Tief in der Bibliothek des Hauses der Tanten in Gilead ist es Tante
Lydia selbst, die ein heimliches Tagebuch schreibt, in dem sie davon
berichtet, was sie vor der Einrichtung Gileads getan hat, wie sie diese
Entstehung einer religiösen Diktatur erlitten hat, und wie sie es dann
geschafft hat, ihre jetzige sehr wackelige Machtposition zu erlangen.

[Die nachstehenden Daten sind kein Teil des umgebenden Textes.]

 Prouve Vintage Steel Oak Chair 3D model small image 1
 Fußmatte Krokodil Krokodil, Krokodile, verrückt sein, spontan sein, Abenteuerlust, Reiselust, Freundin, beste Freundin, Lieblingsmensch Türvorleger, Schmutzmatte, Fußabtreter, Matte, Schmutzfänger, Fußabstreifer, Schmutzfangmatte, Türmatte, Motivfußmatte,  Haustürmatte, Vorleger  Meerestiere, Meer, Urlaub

Gerade durch ihren Bericht erhält der Leser viele
Hintergrundinformationen und lernt vor allen Dingen auch ihre Motive
kennen. Und ihre Ziele.
Wie schon im ersten Buch und in der Fernsehserie wird auch in "Die
Zeuginnen" nichts präsentiert, was es nicht irgendwo auf der Welt - oder
auch in der Menschheitsgeschichte allgemein - schon gibt bzw. gegeben
hat. Durch die drei Reflektionsfiguren Agnes, Daisy und Lydia bekommt
man ein noch umfassenderes Bild, als man dies etwa zur Mitte der zweiten
Staffel der Fernsehserie haben kann, und aufgrund der
Unterschiedlichkeit der Perspektiven auch viele Anreize, bestimmte
Vorurteile und Vorüberlegungen, die man beim Lesen entwickelt, immer
wieder zu hinterfragen.
Fazit:
Ein überaus würdiger Nachfolger des Ursprungswerks.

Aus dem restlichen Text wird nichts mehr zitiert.